When we’re talking about how a segment should be placed on a line, it would be useful to have a convention to describe where on a line a segment is being placed.
Since we will be using an array of squares to represent a line, it would be useful to represent this placement as an index into the array.
Let’s define that when we say “this segment is at position i” we mean that the first, or left-most square, in the segment is placed at index i in the array, and it extends for its length to the right.
For example this is what it would look like if we were to say that the segment is placed at position, or index, 2.
To come up with the left most solution of an empty line, we can use the following python code:
from enum import Enum
from typing import List
# Represents the state of an individual square
# An enum type can be one of any of the variants defined
class SquareState(Enum):
UNKOWN = 0 # Blank cell with an unknown state
FILLED = 1 # Marked cell that must be filled
EMPTY = 2 # Marked cell that must NOT be filled (x)
# A segment length in a hint
type Segment = int
# This function takes as input a hint and the initial state of a line
# Returns the left most solution of the line
def find_left_sol(hint: List[Segment], line: List[SquareState]) -> List[SquareState]:
next_seg_pos = 0 # Tracks where the next segment must be placed
for segment in hint:
for i in range(next_seg_pos, next_seg_pos + segment): # for each position from the start pos to the end position
line[i] = SquareState.FILLED # Set the state to FILLED
next_seg_pos += segment + 1 # Adjust start position for next segment to be after the end of the current segment + 1 for the gap
return line
While this algorithm is quite simple, it’s quite inflexible and won’t work in many cases except for the initial blank line. It’s important for the line solver to take into account the initial state of the line since the other lines that cross a given line may change the state of the line. So we need to come up with a way to place the segments as far left as possible, that accounts for the initial state of the line.
A specific case where this approach will break is if there is already an x on the line. It may try to place a segment on top of the x One simple way we can fix this is to check if the placement of a segment is valid before we place it. If it is, place it down, if not shift it over to the right by 1 and try again.

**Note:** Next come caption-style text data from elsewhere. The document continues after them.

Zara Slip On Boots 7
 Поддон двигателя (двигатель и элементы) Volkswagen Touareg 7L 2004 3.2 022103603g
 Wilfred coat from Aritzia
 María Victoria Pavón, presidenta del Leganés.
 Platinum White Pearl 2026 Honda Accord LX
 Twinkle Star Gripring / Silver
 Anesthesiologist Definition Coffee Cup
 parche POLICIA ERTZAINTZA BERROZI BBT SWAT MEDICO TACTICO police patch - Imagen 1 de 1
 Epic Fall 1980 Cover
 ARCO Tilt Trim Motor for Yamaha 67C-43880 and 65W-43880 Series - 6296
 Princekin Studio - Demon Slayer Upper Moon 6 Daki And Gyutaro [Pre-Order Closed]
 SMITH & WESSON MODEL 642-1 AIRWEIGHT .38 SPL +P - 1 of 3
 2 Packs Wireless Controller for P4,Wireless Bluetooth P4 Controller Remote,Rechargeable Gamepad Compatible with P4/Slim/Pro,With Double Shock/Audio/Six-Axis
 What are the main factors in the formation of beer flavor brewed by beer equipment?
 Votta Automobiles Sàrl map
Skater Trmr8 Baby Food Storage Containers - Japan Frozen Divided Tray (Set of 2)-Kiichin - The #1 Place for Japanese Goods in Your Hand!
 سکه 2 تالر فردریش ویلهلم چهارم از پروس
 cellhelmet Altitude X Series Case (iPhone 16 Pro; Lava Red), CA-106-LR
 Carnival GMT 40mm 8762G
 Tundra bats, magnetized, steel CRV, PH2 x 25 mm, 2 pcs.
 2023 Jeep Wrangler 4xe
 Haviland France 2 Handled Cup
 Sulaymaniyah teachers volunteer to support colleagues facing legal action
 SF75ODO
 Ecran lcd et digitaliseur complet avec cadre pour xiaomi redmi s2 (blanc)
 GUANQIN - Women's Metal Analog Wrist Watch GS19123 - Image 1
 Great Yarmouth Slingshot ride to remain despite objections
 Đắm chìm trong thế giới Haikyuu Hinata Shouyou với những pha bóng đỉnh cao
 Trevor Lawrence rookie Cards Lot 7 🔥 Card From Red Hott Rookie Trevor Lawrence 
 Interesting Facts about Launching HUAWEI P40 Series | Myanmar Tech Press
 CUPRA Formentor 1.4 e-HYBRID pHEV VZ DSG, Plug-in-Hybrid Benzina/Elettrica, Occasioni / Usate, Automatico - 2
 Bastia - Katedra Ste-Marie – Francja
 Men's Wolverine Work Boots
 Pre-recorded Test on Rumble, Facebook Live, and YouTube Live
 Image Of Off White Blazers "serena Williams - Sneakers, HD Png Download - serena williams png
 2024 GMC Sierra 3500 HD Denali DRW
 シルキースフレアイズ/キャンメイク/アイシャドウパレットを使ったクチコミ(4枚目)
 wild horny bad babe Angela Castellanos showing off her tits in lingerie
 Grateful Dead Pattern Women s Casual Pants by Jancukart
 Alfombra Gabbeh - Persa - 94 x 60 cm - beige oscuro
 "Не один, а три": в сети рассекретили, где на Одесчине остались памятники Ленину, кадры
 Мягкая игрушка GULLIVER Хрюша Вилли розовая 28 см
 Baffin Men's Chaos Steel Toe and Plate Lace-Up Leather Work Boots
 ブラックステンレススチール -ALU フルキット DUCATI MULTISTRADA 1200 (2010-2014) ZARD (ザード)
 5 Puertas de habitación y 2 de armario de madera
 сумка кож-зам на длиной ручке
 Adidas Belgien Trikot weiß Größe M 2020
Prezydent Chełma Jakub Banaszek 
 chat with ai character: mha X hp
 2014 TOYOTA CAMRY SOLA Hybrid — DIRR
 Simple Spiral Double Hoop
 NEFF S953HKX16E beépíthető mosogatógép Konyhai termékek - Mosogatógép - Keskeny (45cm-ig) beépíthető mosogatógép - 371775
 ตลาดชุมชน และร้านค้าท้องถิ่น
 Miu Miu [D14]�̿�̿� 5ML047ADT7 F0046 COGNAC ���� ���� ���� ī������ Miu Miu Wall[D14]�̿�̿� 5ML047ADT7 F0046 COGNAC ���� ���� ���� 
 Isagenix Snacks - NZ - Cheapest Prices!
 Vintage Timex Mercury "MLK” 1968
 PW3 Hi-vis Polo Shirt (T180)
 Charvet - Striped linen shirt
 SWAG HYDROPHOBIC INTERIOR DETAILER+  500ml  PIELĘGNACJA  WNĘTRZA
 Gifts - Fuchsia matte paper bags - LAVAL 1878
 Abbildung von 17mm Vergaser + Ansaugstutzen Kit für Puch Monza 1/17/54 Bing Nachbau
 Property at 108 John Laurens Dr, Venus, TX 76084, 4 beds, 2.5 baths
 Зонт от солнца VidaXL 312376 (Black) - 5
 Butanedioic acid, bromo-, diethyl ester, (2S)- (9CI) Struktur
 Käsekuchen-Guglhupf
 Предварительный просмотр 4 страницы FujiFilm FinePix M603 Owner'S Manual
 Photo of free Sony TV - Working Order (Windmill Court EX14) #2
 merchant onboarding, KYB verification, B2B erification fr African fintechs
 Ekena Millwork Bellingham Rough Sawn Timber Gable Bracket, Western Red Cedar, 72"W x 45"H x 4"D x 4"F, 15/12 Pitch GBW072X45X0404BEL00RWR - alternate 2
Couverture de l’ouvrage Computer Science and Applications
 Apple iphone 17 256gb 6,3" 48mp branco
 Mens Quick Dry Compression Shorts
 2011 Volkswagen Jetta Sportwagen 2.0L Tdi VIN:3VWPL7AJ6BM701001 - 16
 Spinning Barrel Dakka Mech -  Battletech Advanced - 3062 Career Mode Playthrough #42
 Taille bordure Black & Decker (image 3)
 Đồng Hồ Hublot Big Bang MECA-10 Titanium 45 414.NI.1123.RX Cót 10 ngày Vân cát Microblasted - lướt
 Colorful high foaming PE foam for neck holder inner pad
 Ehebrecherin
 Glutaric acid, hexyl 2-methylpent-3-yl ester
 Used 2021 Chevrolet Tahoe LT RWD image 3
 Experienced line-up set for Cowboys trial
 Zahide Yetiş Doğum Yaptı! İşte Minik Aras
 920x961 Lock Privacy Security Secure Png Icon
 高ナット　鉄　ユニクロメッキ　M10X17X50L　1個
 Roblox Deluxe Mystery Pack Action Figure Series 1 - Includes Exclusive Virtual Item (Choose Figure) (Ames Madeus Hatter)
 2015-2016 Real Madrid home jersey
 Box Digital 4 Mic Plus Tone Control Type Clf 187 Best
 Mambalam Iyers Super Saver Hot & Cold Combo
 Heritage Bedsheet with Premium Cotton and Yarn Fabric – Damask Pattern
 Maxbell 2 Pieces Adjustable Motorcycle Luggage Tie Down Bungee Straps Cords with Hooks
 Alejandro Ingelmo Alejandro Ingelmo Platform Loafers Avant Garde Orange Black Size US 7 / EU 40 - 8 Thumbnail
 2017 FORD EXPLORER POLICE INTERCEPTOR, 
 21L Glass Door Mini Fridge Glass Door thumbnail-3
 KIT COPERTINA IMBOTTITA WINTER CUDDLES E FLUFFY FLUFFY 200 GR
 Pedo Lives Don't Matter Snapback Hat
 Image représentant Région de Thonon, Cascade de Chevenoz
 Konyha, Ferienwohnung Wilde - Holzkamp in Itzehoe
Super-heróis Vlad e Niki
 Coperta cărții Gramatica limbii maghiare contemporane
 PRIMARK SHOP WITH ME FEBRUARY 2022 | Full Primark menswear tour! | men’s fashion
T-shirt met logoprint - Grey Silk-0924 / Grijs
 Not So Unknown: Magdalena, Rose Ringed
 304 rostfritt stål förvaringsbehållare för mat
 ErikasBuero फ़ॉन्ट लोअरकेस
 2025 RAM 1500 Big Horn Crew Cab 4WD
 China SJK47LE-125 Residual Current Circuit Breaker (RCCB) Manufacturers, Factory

In this example, there is an x in the 4th square initially. So when the algorithm goes to place the green segment, it shifts it to the right until it is clear of the x.
Now that we have a way of accounting for x’s that are on the initial line, we need to account for the case of there being filled in squares on the initial line. This one is quite a lot trickier though. There are a lot of weird cases that can happen here, whereas with the x’s its just simply “don’t place a segment on top of an x.” For example, there may not be a way to determine which segment a specific filled in square belongs to in the final solution.
Let’s take a step back and see if we can find some patterns that emerge. What if we try changing how we think of the set of valid solutions? Previously, we just thought of them as a simple set or list of every valid permutation of the segments. What if instead, we tried thinking of this set as a tree? The root node will be the initial line. Each child of every node will be a different valid placement of the next segment.
The algorithm I came up with to solve this problem is actually recursive. Although I’m sure there’s a way to do it without recursion, this is the way that made the most sense to me so I stuck with it. This algorithm once again builds on top of the previous one but does some checking to see if a given placement of a segment causes itself or later placements to be invalid.